Last week when Jessica approached me and said, “Let me tell you what your granddaughter did today!”, a lot of possibilities were out there. Since we have more than one granddaughter, the first piece of the puzzle was to figure out which one it was who had done something “impressive”. But with one out of the bunch always getting into more than her fair share of mischief it is always safe to assume it was that one that Jessica was about to tell me about. My assumption was correct—it was Raegan!

There was to be a party at daycare on St. Patrick’s Day so Raegan proudly provided chips to be shared—except she was not quite willing to yield to the idea of sharing. When the party was over and it was time for Raegan to go home, her mother found her in an irate condition when she picked her up. After a little conversation she revealed the reason for her anger: the teacher stole her chips! Obviously no thievery had taken place. It was just a three year old who did not think she should share what she had brought. Does she have some lessons to learn about life!

Everything was fine regarding Raegan’s potato chip adventure, but when we really have something important taken from us, especially when it is in a malicious way, it is a painful experience to say the least. The Bible tells of one of those events in the life of David in which he suffered great loss. Not only did he lose what the enemy carried off, but he lost the support of those he was leading; that loss of confidence was so severe that his fellowmen were contemplating stoning him to death. As we would easily guess, David was under tremendous duress: “David was greatly distressed because the men were talking of stoning him; each one was bitter in spirit because of his sons and daughters[who had been taken away by the enemy].” (1 Samuel 30:6, New International Version).

How did David cope with what appeared to be a most hopeless situation? To encounter such an event can lead to entertaining the thought of just giving up on life but he did not do so; he chose a better route.
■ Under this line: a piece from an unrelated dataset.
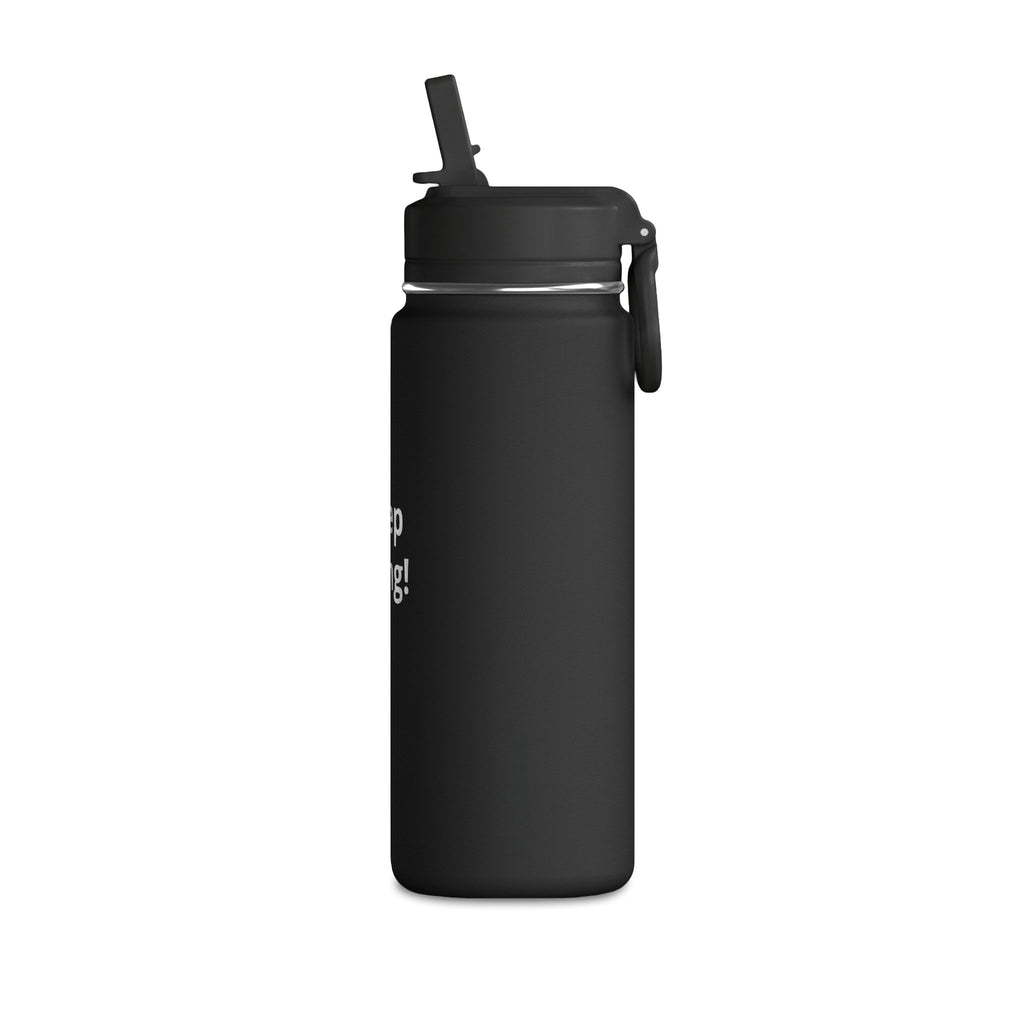 Keep Going! 20oz Mini Water Bottle – Motivational Flip-Top Hydration Bottle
There is another sentence at the conclusion of the verse quoted above that changes the whole outlook of things and alters the outcome: “But David found strength in the Lord his God.” The strength and encouragement that he found in God resulted in a good outcome for him and his followers: “David recovered everything the Amalekites had taken, including his two wives” (1 Samuel 30:18). That leads to another question: How did he find the necessary strength in such a lowly time to help him gain victory?

Visualize what David was facing at that time: the camp had been raided and his most precious possessions had been taken. On one hand he was weak and brokenhearted but on the other hand he was strong because he looked outside of himself for strength—he found strength in God. Like him, we have to come to grips with our personal weaknesses and limitations before we can fully realize the strength of God. In the New Testament, we are told about a time when Paul, a great man of God, was facing a huge challenge in his life. As he sought God for help, the Lord reminded him that “My grace is sufficient for you, for my power is made perfect in weakness” (2 Corinthians 12:9). A beginning key to finding strength in God is often the realization of just how weak and unable we are to take care of things on our own. That realization led Paul to write in 2 Corinthians 12:10: “That is why, for Christ’s sake, I delight in weaknesses, in insults, in hardships, in persecutions, in difficulties. For when I am weak, then I am strong.” It is true that few of us delight in our weaknesses as Paul did, but we can all find strength in God as we realize that He provides us with what we need to face another day.